The recent wave of union organizing in the service sector has raised hopes that a fundamental transformation is occurring in the United States that will revitalize collective bargaining and bring millions of young workers into the labor movement. At the epicenter of this movement is a mass campaign to organize Starbucks employees. As of this week, more than two hundred Starbucks stores across thirty-two states have unionized, and workers at dozens more stores have filed petitions to unionize. In terms of organizing success, this is a significant accomplishment worthy of the media attention it is receiving.
However, organizing is only the first stage in an extended and perilous journey toward sustainable collective bargaining. Harvard’s Paul Weiler described the reward for successful organizing as a “license to bargain.” Whether that license results in a sustainable collective agreement depends upon a range of factors that influence the parties’ relative bargaining power. One important factor in this regard is how the law structures negotiations. Who bargains with whom?
This is an important point that goes to the fundamental challenge of retrofitting a collective bargaining model designed for the mass-production economy of the 1930s to the twenty-first-century service economy. When the United Auto Workers sat across the table from executives at General Motors and threated to strike if their proposals were not met, GM had good reason to listen. A strike by thousands of workers at once would effectively halt production, costing GM millions of dollars in lost revenues and profits.
The situation at Starbucks is very different. While the success of Starbucks Workers United (SWU) in organizing some two hundred stores is impressive, this amounts to just over 1 percent of the more than fifteen thousand Starbucks stores in the United States. When SWU sits down to bargain a collective agreement for each of its newly organized Starbucks stores, it will confront a corporate behemoth intent on demonstrating to Starbucks employees working in the 99 percent of stores that remain nonunion that there is no advantage to unionizing. A strike by workers at one or even a handful of small stores will be an annoyance, but hardly a reason to abandon this overarching objective.
Negotiating With Goliath
The difficult task of negotiating a strong collective agreement with a large and uncooperative corporation that operates through many small workplaces is exasperated by existing labor laws that provide no mechanism for unions to insist upon centralized bargaining. SWU elected to organize and petition on a store-by-store basis. This makes perfect sense as an organizing tactic. It is much easier to organize one location on Main Street in Denver than two hundred — or ten thousand stores — scattered across the country all at once.
The Wagner model’s requirement for a union to obtain majority employee support in a bargaining unit to obtain a license to bargain encourages unions to target organizable units, which are usually smaller units. However, smaller units leave the union with little bargaining power when it comes to negotiating a collective agreement.
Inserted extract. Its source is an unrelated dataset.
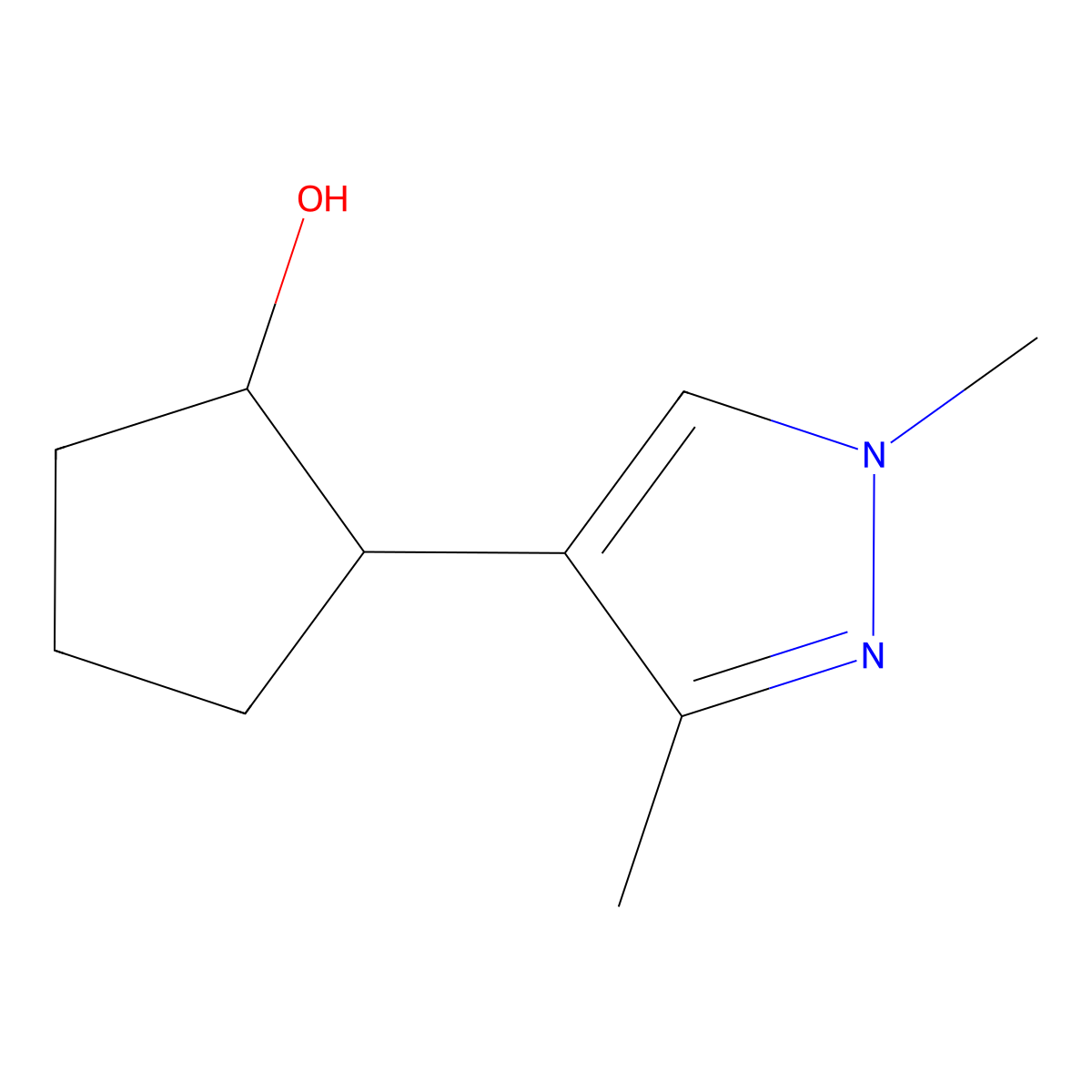 2-(1,3-Dimethyl-1H-pyrazol-4-yl)cyclopentan-1-ol molecular structure, CAS 1852676-40-4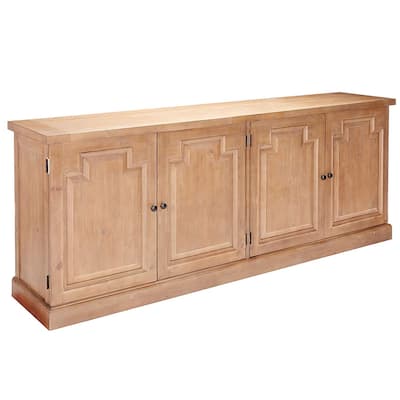 Raised Paneled Wooden Server with Two Double Door Cabinets, Brown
This dilemma is well known. The Wagner model’s default toward enterprise-level bargaining makes it almost impossible for unions to build a critical mass of support within large corporations like Starbucks. While the usual disclaimer that the prospect of progressive labor law reform in the United States is bleak to nonexistent is in order, it is worthwhile to point out that other jurisdictions have responded creatively to this challenge.
One legislative solution is to introduce sectoral collective bargaining that would permit unions to negotiate employer-wide or industry-wide standards. New Zealand recently enacted a model that would permit unions to apply for sectoral bargaining to represent all employees in a single occupation (baristas) or industry (fast food) upon demonstrating support of a threshold number of employees (see my description of that law here). The Clean Slate Project proposed a similar model of sectoral bargaining to extend collective bargaining to US employees beyond the enterprise level.
The Ontario Example
Proposals to adopt sectoral bargaining in the service sector have long been floated in Canada as well, without political traction. However, for a brief period in the 1990s, Ontario introduced a simple but useful half measure. That law permitted unions to apply to the Labour Board to obtain an order consolidating existing bargaining units of a single employer. The law was straightforward. This is what it said:
On application by the employer or trade union, the Board may combine two or more bargaining units consisting of employees of an employer into a single bargaining unit if the employees in each of the bargaining units are represented by the same trade union.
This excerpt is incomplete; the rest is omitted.